Materials are an asset that contain appearance information, such as color, roughness, and metallic properties. Stager has two methods for how materials are projected, or applied, onto a model; with UVs or triplanar projection.
To change projection modes
- Select a material
- In the Properties panel set the Projection to the style you want to use
UV workflows work by cutting seams into the 3D model and flattening the model out into a 2D space (called UVW coordinates, or UVs for short). The material textures are projected onto the flattened UVs which act as a map between the 2D image and the 3D surface of the model.
UV based workflows can be best when you want to have precise control over seams or want localized texture details in specific areas of a model (such as a decal or label). Creating UVs can be done with automatic processes (such as Stager’s option found under the menu Object > Generate UVs) or via manual tools in 3D modeling applications.
UV projection options
Sets the number of times all material textures should repeat in UV space. If your textures were designed for the specific model (such as with a texturing tool like Substance 3D Painter) then this should remain set to a 1 by 1 repeat.

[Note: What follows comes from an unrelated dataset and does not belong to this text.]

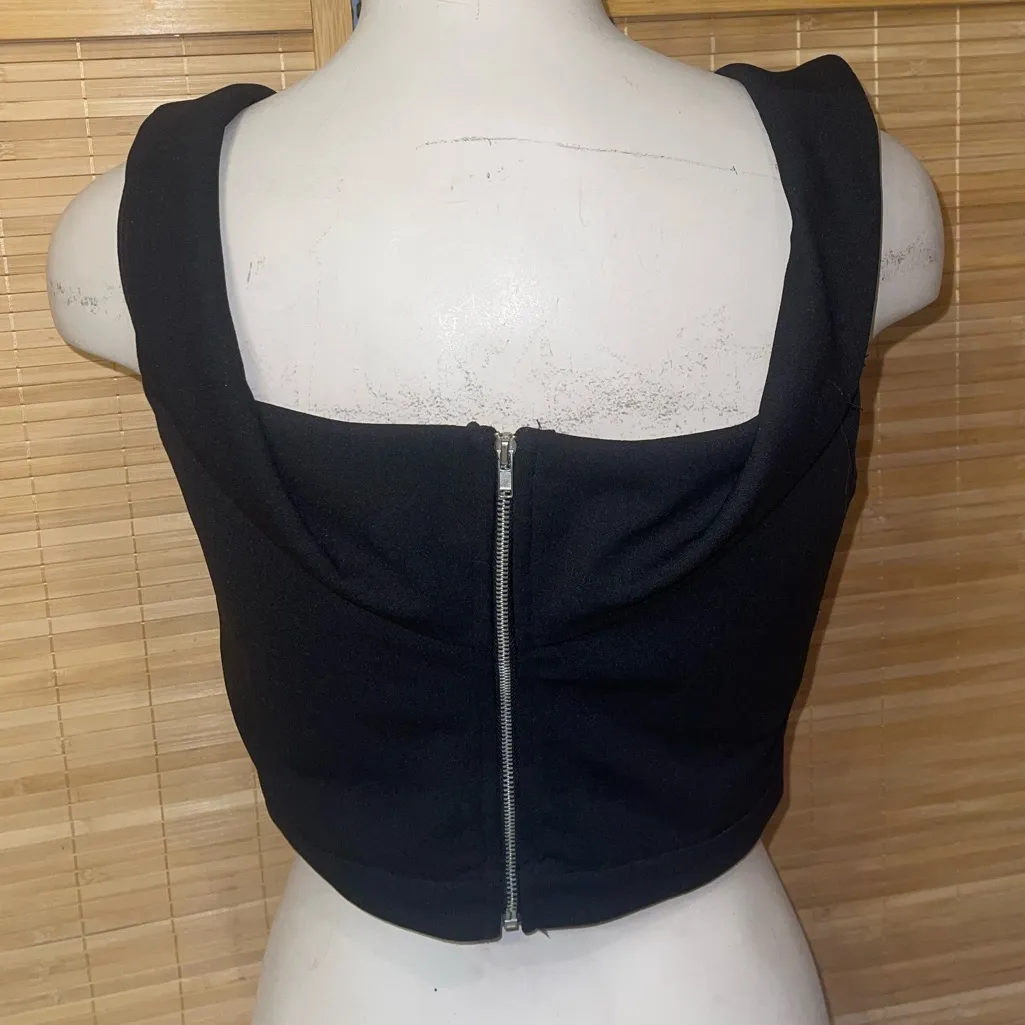 Speechless black sleeveless crop top bustier shirt woman’s size 11 EUC - Image 2
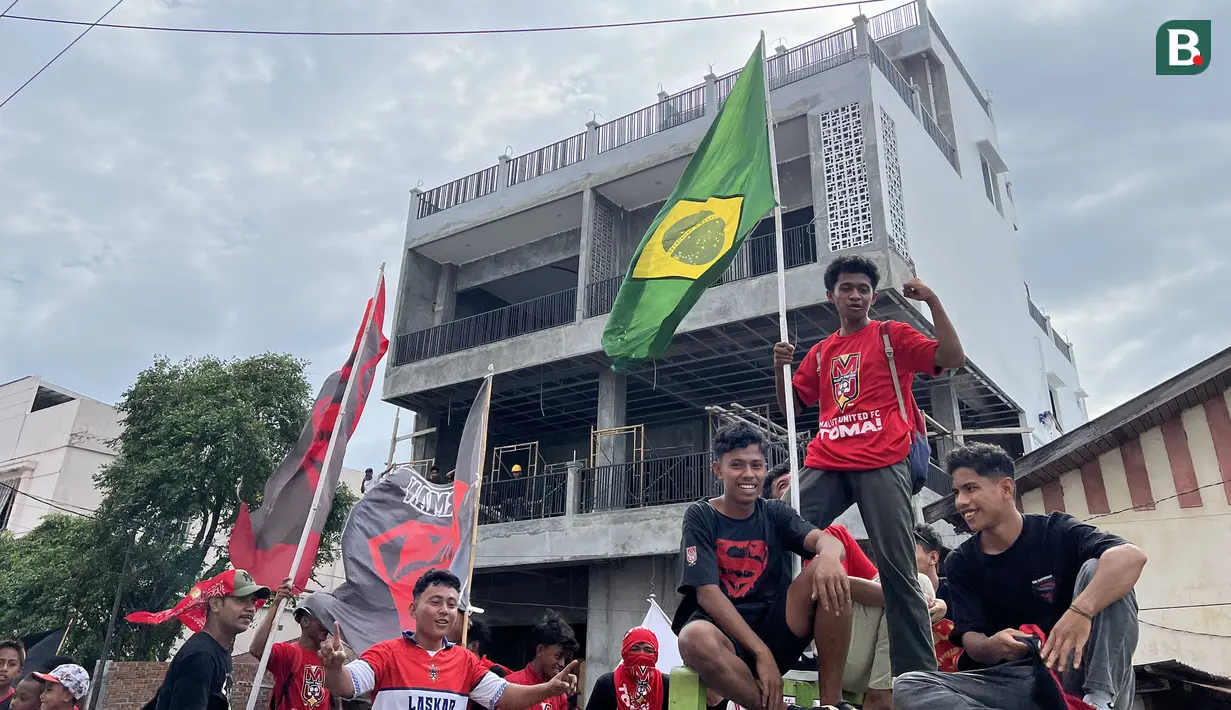 Sejumlah masyarakat Ternate saat menyambut konvoi tim Malut United pada Kamis (14/03/2024). (Bola.com/Hery Kurniawan)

Transforms all material textures in UV space by offsetting its position or rotation.
Limitations for UV projection workflows
UV layouts can be time consuming to create. Manual UV creation requires creating seams, flattening the pieces, and organizing the pieces. Many modeling and creation tools have advanced toolsets for this and it's an entire discipline for modeling and texturing artists. Automatic UV unwrapping can create fast results, but often with unwanted seam placement or high levels of distortion.
Another limitation is that the scale of the material is controlled by the UV itself. For example, the pillows on this couch are using the same material, but because the UVs are created differently the material on the pillows appears at different scales.
Triplanar projection is a method that does not rely on the object having UVs at all. The material is instead projected onto the surface of the model from three planes (X, Y, and Z axis). Seams will show wherever the 'planes' of the projection meet but can be blended together in real time (unlike UV seams, which cannot blend).
Triplanar workflows can be faster and easier when you want to use materials without having to spend time on UV generation and when precise seams or localized texture details are not necessary. Triplanar is best suited for seamless, repeating textures with noise, such as wood, metal, rock, plaster.
Triplanar projection options
Triplanar (local) means that the triplanar projection is aligned ‘locally’ to each object. The result is that the material will follow the object's position, rotation, and scale.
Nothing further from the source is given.